Segment Start: DATA RECORDS

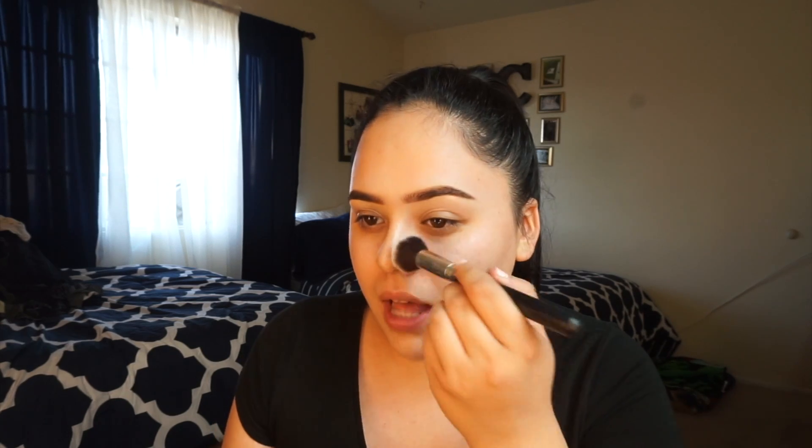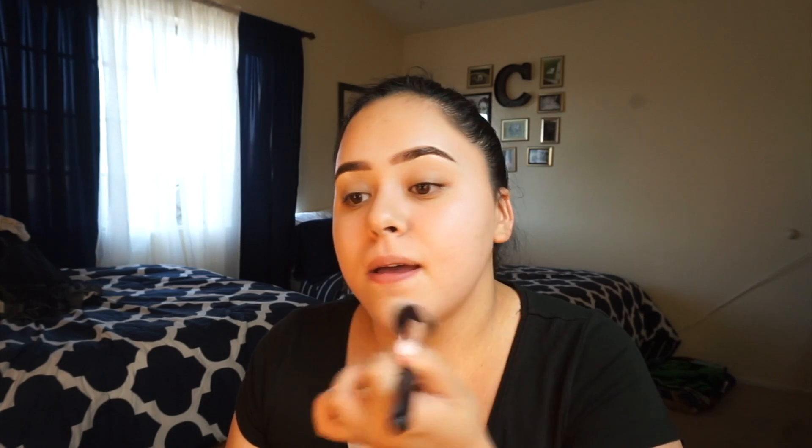Now that it's dry, I'm going to go ahead and use the Wet n Wild Mattifying Powder. You guys know that this was my holy grail — this is still my holy grail, but lately I've been using the It Cosmetics Bye Bye Translucent Powder. But since this is just drugstore and I want you guys to be able to go out there and actually afford it and purchase it, you guys can use the Wet n Wild. I am still a broke bitch, so anything that's cheap and good, I will definitely go for. I definitely recommend this.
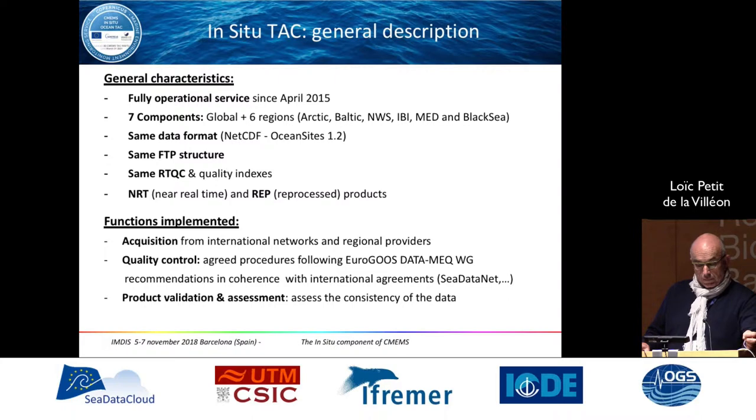The system has been fully operational since April 2015, with seven components. We use a same data format — NetCDF format, presently version 3, and we are moving to NetCDF 4 — with the same FTP structure for all components, the same real-time quality control and quality indexes, and two families of products: one in near-real-time and one for reprocessed or delay-mode products. The functions implemented include acquisition, quality control, uniformization, and product validation and assessment.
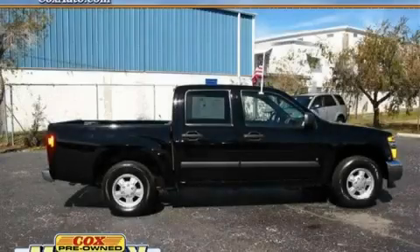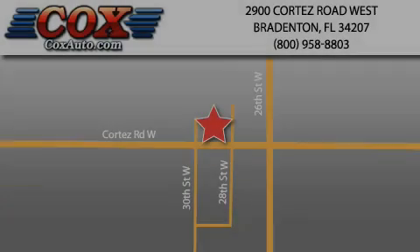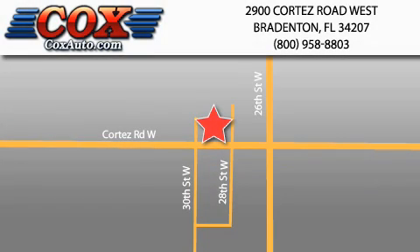Stop by today and test drive this truck for yourself. Be sure to take advantage of our first year complimentary basic maintenance on every pre-owned vehicle purchased from Cox Automotive.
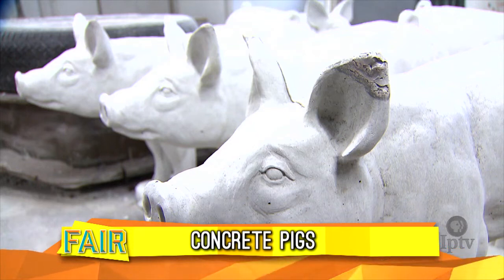Decorated concrete pigs are on display at the fairgrounds. It's a creative contest that brings out some serious artistic talent.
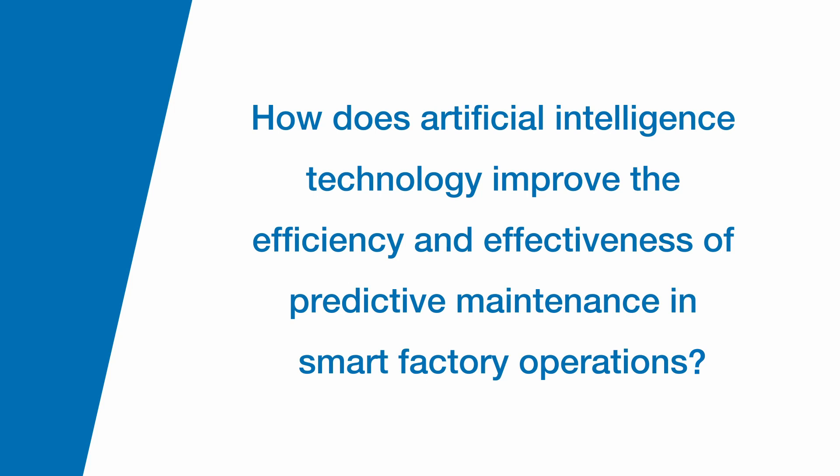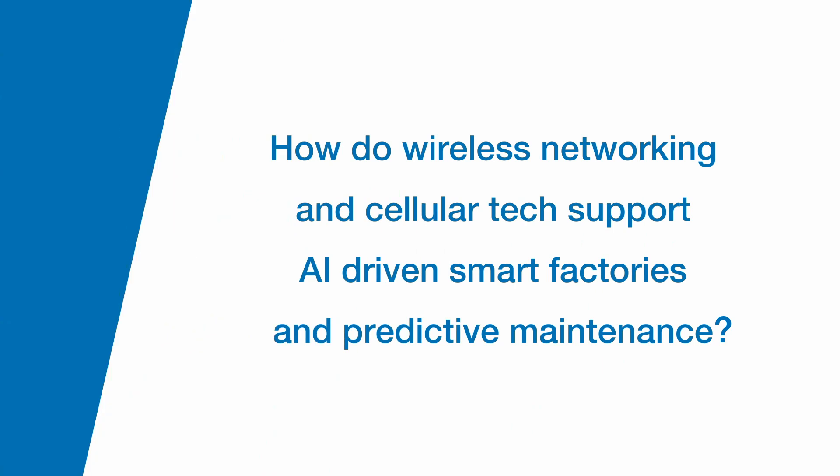How does artificial intelligence improve the efficiency and effectiveness of predictive maintenance in smart factory operations? The key thing AI does is excel at finding patterns within large sets of data. Rather than having to wait between maintenance periods — pulling data, analyzing it, and acting on it — those things can now happen in seconds.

Segment End: DATA RECORDS

• EXERCISE OBJECTIVE
Beginning at the line containing "The system has", restate every line through the end of the material above exactly; omit the pictures.

• REPLY TO THE EXERCISE
The system has been fully operational since April 2015, with seven components. We use a same data format — NetCDF format, presently version 3, and we are moving to NetCDF 4 — with the same FTP structure for all components, the same real-time quality control and quality indexes, and two families of products: one in near-real-time and one for reprocessed or delay-mode products. The functions implemented include acquisition, quality control, uniformization, and product validation and assessment.
Stop by today and test drive this truck for yourself. Be sure to take advantage of our first year complimentary basic maintenance on every pre-owned vehicle purchased from Cox Automotive.
Decorated concrete pigs are on display at the fairgrounds. It's a creative contest that brings out some serious artistic talent.
How does artificial intelligence improve the efficiency and effectiveness of predictive maintenance in smart factory operations? The key thing AI does is excel at finding patterns within large sets of data. Rather than having to wait between maintenance periods — pulling data, analyzing it, and acting on it — those things can now happen in seconds.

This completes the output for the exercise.